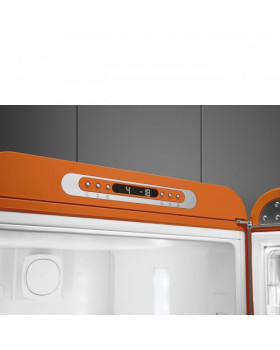 Külmik smeg, 50-ndate stiil, nofrost, 196 cm, 234/97 l, 37 db, elektrooniline juhtimine, oranž-foto6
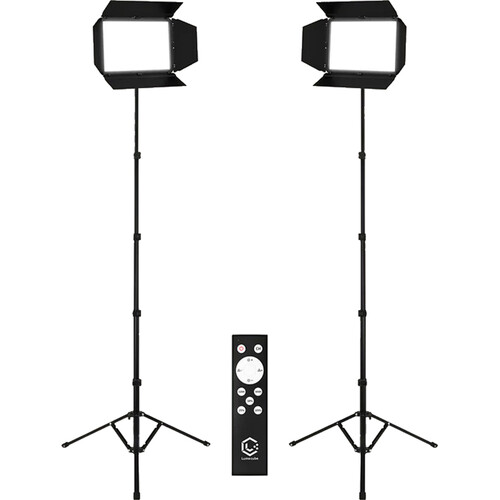 Lume Cube Studio Panel LED Bi-Color 2-Light Kit with Barndoors and Stands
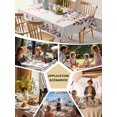 thumbnail image 5 of Orange Eucalyptus Leaves Table Cloth, Botanical Fall Rustic Beige Waterproof Tablecloth for Square Tables, Reusable Washable Fabric Table Cover for Restaurant Kitchen Dining Tables 54"x54", 5 of 6
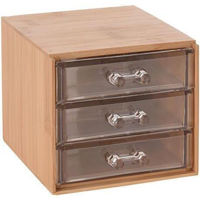 Короб для хранения Promstore 46898 Органайзер бамбуковый MAKE UP 15x12x10cm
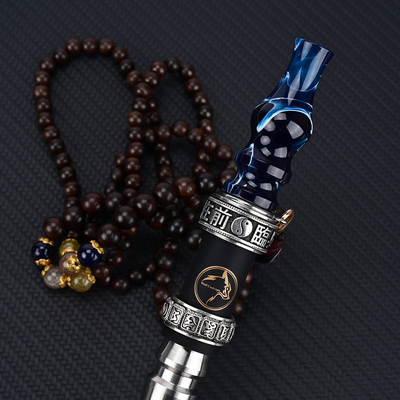 原装新款阿尔法赫水烟嘴树脂吸嘴古铜银双轮Hookah Mouthpieces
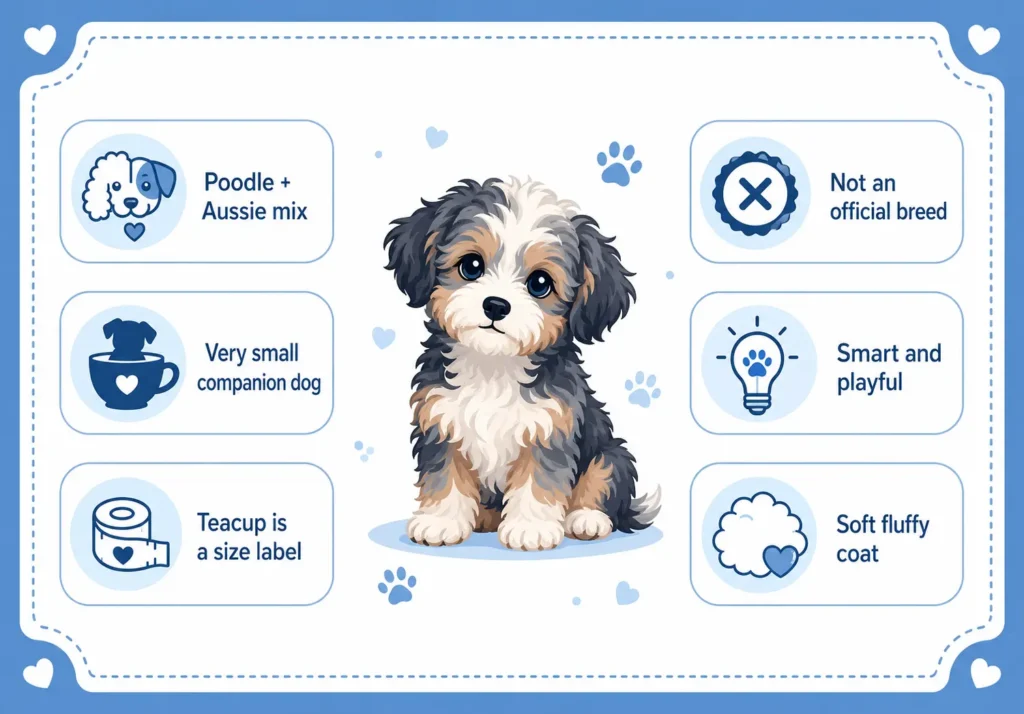 What Is a Teacup Mini Aussiedoodle
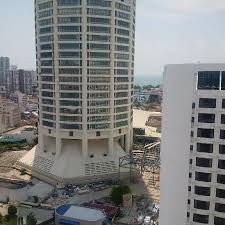 The original skyscraper of penang, komtar houses government offices, a shopping plaza, shoplots, restaurants and a bus station. View Of Komtar Hotel Is Well Situated In Georgetown Picture Of The Wembley A St Giles Hotel Penang Island Tripadvisor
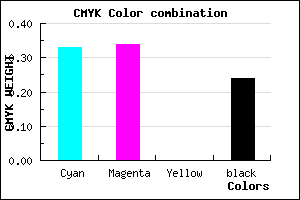#8280C2 color CMYK mixer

**About this exercise**
Print each record as it appears above, dropping every picture from the copy.

**Answer below**
 Külmik smeg, 50-ndate stiil, nofrost, 196 cm, 234/97 l, 37 db, elektrooniline juhtimine, oranž-foto6
 Lume Cube Studio Panel LED Bi-Color 2-Light Kit with Barndoors and Stands
 thumbnail image 5 of Orange Eucalyptus Leaves Table Cloth, Botanical Fall Rustic Beige Waterproof Tablecloth for Square Tables, Reusable Washable Fabric Table Cover for Restaurant Kitchen Dining Tables 54"x54", 5 of 6
 Короб для хранения Promstore 46898 Органайзер бамбуковый MAKE UP 15x12x10cm
 原装新款阿尔法赫水烟嘴树脂吸嘴古铜银双轮Hookah Mouthpieces
 What Is a Teacup Mini Aussiedoodle
 The original skyscraper of penang, komtar houses government offices, a shopping plaza, shoplots, restaurants and a bus station. View Of Komtar Hotel Is Well Situated In Georgetown Picture Of The Wembley A St Giles Hotel Penang Island Tripadvisor
#8280C2 color CMYK mixer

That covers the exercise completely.